Ultrasound Characterization of Microbead and Cell Suspensions by Speed of Sound Measurements of Neutrally Buoyant Samples.

We present an experimental method including error analysis for the measurement of the density and compressibility of cells and microbeads; these being the two central material properties in ultrasound-based acoustophoretic applications such as particle separation, trapping, and up-concentration. The density of the microparticles is determined by using a neutrally buoyant selection process that involves centrifuging of microparticles suspended in different density solutions, CsCl for microbeads and Percoll for cells. The speed of sound at 3 MHz in the neutrally buoyant suspensions is measured as a function of the microparticle volume fraction, and from this the compressibility of the microparticles is inferred. Finally, from the obtained compressibility and density, the acoustic scattering coefficients and contrast factor of the microparticles are determined, and in a sensitivity analysis, the impact of the measurement errors on the computed acoustic properties is reported.
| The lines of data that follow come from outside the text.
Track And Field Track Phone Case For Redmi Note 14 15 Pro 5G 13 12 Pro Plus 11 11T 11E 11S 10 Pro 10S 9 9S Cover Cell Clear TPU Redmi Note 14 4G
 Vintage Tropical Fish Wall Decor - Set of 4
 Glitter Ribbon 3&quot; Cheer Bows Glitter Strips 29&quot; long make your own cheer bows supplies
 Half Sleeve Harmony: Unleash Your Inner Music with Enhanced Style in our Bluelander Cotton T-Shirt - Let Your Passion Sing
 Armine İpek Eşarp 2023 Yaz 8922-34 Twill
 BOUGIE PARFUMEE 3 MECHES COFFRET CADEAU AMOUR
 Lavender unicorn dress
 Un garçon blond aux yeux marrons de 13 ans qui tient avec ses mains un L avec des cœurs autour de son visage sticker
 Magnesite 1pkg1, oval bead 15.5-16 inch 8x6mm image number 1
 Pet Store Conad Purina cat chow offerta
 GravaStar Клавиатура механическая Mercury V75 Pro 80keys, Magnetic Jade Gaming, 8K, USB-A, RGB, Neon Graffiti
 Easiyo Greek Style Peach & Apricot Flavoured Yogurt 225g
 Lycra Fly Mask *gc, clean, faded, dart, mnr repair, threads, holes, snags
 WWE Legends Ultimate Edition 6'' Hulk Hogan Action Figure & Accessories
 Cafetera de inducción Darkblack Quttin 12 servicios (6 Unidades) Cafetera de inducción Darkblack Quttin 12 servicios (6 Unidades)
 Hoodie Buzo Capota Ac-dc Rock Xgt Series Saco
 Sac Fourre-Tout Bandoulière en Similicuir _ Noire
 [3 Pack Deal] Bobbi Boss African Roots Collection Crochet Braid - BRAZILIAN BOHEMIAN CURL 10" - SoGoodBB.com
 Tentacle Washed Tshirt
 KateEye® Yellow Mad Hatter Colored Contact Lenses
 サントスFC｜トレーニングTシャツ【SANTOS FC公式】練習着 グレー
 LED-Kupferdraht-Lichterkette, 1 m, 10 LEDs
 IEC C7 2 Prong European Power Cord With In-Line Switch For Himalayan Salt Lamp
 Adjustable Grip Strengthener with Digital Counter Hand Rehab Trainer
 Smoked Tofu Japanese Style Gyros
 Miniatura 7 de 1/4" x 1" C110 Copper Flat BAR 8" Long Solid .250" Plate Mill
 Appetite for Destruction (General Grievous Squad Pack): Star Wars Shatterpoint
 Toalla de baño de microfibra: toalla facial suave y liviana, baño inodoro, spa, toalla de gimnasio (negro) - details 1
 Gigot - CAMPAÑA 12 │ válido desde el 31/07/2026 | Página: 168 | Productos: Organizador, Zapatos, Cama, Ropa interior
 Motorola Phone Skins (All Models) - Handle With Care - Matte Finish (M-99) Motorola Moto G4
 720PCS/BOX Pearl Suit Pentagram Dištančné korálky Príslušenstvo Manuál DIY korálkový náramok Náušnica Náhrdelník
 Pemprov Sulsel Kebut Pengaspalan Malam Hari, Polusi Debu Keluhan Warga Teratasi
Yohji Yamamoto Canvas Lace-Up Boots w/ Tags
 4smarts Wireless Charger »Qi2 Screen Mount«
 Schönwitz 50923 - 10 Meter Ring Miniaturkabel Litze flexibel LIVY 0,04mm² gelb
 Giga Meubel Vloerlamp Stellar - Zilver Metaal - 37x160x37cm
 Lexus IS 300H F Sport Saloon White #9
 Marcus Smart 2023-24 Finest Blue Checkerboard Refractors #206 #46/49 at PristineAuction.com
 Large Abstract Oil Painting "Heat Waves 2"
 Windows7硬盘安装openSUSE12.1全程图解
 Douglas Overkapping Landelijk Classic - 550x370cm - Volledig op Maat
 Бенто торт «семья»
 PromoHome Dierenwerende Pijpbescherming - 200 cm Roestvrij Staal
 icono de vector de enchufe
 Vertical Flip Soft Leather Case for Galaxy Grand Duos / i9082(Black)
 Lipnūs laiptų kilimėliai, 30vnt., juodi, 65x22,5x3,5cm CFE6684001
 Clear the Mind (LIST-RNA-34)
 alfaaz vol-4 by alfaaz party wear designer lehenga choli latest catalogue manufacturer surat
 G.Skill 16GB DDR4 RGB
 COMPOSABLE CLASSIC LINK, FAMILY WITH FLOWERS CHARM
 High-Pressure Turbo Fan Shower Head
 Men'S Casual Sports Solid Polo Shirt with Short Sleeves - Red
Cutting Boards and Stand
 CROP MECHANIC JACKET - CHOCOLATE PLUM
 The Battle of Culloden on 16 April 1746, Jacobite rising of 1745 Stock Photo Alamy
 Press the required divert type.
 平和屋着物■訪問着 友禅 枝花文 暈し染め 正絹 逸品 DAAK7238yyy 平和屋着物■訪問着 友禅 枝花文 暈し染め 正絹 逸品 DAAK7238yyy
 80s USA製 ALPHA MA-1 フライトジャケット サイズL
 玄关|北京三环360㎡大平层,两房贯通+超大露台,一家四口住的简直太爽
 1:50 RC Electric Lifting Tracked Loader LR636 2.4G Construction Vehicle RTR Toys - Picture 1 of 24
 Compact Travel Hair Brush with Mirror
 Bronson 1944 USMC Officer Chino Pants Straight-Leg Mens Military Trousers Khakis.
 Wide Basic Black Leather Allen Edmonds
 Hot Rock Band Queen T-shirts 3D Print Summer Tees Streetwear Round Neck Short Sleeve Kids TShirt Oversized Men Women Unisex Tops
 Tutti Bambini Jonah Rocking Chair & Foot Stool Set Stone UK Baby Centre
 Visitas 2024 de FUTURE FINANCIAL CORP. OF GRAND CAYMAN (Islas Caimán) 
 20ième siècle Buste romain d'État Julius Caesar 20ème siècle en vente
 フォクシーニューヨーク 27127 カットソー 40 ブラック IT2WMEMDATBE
The determination of these parameters and their uncertainties allow for accurate predictions of the acoustophoretic response of the microparticles. The method is validated by determining the density (0.1-1% relative uncertainty) and compressibility (1-3% relative uncertainty) of previously well-characterized polymer microbeads and subsequently applied to determine the density (0.1-1% relative uncertainty), compressibility (1% relative uncertainty), scattering coefficients, and acoustic contrast factors for nonfixed and fixed cells, such as red blood cells, white blood cells, DU-145 prostate cancer cells, MCF-7 breast cancer cells, and LU-HNSCC-25 head and neck squamous carcinoma cells in phosphate buffered saline. The results show agreement with published data obtained by other methods.